Wednesday, December 10, 2008

Color Coding


Here, interlocked, are the first six weavers for "Olivier's Fingertip." The weavers are thin sheet metal with their paper templates still glued on top. I started at the same place I had in the maquette-- though after that I got a little lost, and the weaving didn't go as smoothly as the first time. My starting point is the crossing of weavers that are rather arbitrarily numbered 37, 38, and 00.

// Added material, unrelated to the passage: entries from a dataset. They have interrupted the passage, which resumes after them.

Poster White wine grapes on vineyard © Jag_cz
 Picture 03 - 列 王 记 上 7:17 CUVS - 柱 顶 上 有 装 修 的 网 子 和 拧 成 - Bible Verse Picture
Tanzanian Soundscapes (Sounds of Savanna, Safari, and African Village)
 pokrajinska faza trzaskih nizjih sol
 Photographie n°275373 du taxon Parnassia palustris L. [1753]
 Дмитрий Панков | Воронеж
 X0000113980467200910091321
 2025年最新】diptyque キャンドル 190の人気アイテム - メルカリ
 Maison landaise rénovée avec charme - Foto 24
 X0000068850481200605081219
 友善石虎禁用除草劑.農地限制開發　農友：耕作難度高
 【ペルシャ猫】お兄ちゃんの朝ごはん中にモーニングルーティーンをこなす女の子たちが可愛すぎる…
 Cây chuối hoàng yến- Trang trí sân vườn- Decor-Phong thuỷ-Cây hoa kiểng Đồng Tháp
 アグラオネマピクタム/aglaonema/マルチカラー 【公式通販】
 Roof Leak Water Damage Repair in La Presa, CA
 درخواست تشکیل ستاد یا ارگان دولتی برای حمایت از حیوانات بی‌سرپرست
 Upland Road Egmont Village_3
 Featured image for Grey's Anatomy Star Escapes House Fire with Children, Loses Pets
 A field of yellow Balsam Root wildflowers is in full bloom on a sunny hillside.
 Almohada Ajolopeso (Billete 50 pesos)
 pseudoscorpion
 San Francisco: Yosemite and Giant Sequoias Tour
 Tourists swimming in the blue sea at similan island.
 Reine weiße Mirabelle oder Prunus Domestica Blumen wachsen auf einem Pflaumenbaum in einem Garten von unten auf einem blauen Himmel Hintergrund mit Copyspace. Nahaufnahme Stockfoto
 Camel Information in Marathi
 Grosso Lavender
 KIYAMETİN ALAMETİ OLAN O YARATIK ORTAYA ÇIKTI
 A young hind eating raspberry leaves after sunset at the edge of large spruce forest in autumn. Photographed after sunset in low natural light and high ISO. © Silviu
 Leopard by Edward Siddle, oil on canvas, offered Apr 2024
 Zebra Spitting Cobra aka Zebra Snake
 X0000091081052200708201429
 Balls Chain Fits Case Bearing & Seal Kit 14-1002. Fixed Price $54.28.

In my numbering system palindromes are not allowed, i.e., because 01 is used, 10 must be skipped. Similarly, because 12 is used, 21 must be skipped. This allows a color-coding that is based purely on color combinations, not color order. Up to 55 weavers can be coded with two color stripes in this way. The association between colors and numerals is the same as in the standard resistor color code used in electronics:

0 = BLACK

1 = BROWN

2 = RED

3 = ORANGE

4 = YELLOW

5 = GREEN

6 = BLUE

7 = VIOLET

8 = GRAY

9 = WHITE

I substituted pale lavender for white in order for the stripes to show up on the white paper. The first crossing (38, 37, 00) becomes (orange/gray, orange/violet, black/black.) While weaving you are only matching color pairs, not thinking about their numerical equivalents, but the numerical equivalents are useful in keeping piles of loose weavers organized.